To apply this technique to get data from web-pages, we need to have basic knowledge about web-page structure and tags used in web-page development(i.e, <html>
,<li>
,<div>
etc.,). If you are new to web development you can learn it here.
So to start with web scrapping, we'll use a simple website. We'll use requests
module to get the web-page content OR source code.
import requests
page = requests.get("http://dataquestio.github.io/web-scraping-pages/simple.html")
print (page.content) ## shows the source code
Now we'll use bs4 module to scrap the content to get the useful data.
from bs4 import BeautifulSoup
soup = BeautifulSoup(page.content, 'html.parser')

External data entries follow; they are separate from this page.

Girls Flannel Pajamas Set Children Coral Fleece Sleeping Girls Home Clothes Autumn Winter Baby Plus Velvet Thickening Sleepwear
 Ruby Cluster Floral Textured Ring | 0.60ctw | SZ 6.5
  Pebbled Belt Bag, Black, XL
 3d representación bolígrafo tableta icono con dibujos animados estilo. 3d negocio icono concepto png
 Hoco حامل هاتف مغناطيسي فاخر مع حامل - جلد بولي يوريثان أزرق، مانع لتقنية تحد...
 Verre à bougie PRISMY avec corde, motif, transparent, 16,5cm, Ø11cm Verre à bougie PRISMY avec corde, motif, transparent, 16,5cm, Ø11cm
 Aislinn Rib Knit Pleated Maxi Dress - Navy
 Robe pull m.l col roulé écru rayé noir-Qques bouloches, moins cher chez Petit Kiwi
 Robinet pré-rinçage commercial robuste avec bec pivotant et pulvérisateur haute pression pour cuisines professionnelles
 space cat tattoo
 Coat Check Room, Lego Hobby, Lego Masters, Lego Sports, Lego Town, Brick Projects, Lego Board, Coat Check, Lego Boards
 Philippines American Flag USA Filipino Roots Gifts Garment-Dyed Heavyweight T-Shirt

print(soup.prettify()) ##shows source in html format
You can find the required tags using inspect element
tool in your browser.Now let's say you want to get all the data that is stored with <li>
tag.Then you can find it with the script
soup.find_all('li')
# you can also find all the list items with class='ABC'
# soup.find_all('p', class_='ABC')
# OR all elements with class='ABC'
# soup.find_all(class_="ABC")
# OR all the elements with class='ABC'
# soup.find_all(id="XYZ")
Then you can get the text in the tag using
for i in range(len(soup.find_all('li'))):
print (soup.find_all('li')[i].get_text())
The whole script is small and pretty simple.
import requests
from bs4 import BeautifulSoup
page = requests.get("http://dataquestio.github.io/web-scraping-pages/simple.html") #get the page
soup = BeautifulSoup(page.content, 'html.parser') # parse according to html
soup.find_all('li') #find required tags
for i in range(len(soup.find_all('li'))):
print (soup.find_all('li')[i].get_text())